MobileRead Forums - View Single Post - Pandoc and Tesseract to keep images and TOC

Hitch · 11-26-2018, 09:23 AM

Quote:

Originally Posted by kso

Why don't you try pdftotext, part of xpdf, and a standard application on linux (and probably others). It extracts whatever text is in the pdf and writes it to a plain text file avoiding the OCR/proofreading steps. You can even specify a crop area by giving it top/left coordinate and a width and height of the crop area to work on.

klaus

For the very reasons you mentioned--it exports plain text. I suppose if we received a simple PDF that was relatively plain text, and I didn't mind investing all the time needed to then go in and recode all the text formatting, that might be a way forward. But in our experience--and we've done quite literally thousands of PDF-->ePUB jobs--it takes longer to proof a PDF, line-by-line, and add back in the text formatting, than it does to Scan/OCR the file in the first place and do the work in the order we do it.

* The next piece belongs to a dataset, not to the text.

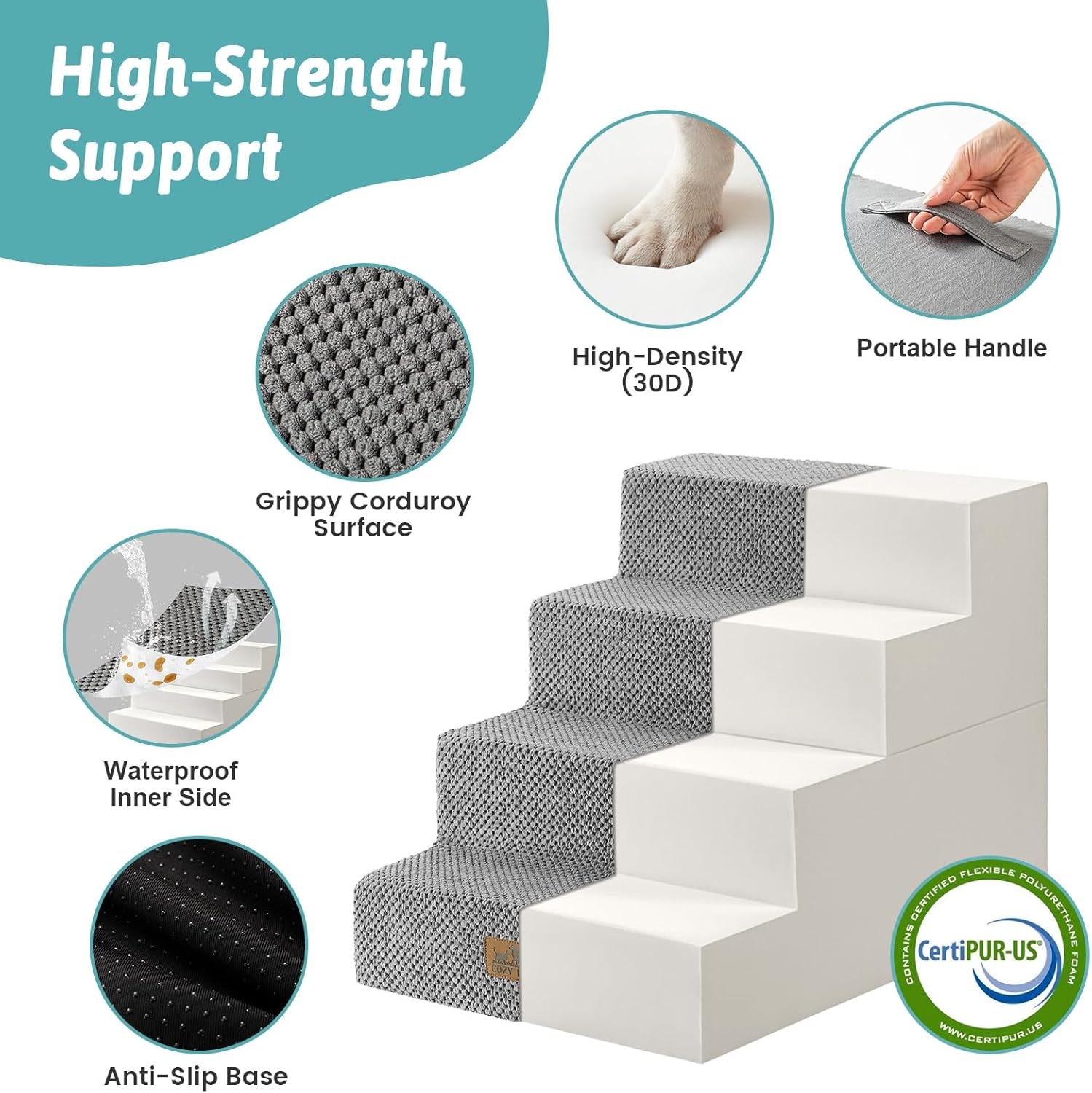 image:imageCOZY KISS Dog Stairs for Small Dogs 4 Tier Removable Pet Stairs for Couch and Bed 177 H Dog Steps for Old Cats Puppy Small Dogs 157x236x177 inch BeigeGrey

In other words, you do not avoid the proofreading step--you actually make it longer/worse, because you have to proof line-by-line, to find italics, bold, underscored text, blockquotes, etc. It's faster and easier to run two PDF Compare functions, to find differences between two PDFs, than it is to have to manually read the source PDF against the (now reformatted) text, to find and replace all text formatting. Laboriously long and tedious work to replace all the formatting, in term of the proofing.

And that assumes that it's something simple, like a novel. Once you move past novels, of course, it gets arithmetically worse.

As I stated in my post, we've tried pretty much every variant. We've tried "save to Word" from within Acrobat. We've tried a few of those "save your PDF to Word!" websites. We've tried many, if not all, of the "PDF2XXXX" programs or apps out there. All of them "work" to some extent or the other, but the bottom line is, for the level of accuracy that we need, as commercial formatters, and the amount of time, the scanning/OCR method still works best, both in terms of time expended and quality of result.

If we only had to do one, once in a while, then doing something like you suggest I suppose makes sense. But we probably have 50-100 PDF-to-ePUB/MOBI projects in production as I type this, and as I said, in our experiments, that's not been viable for us.

Hitch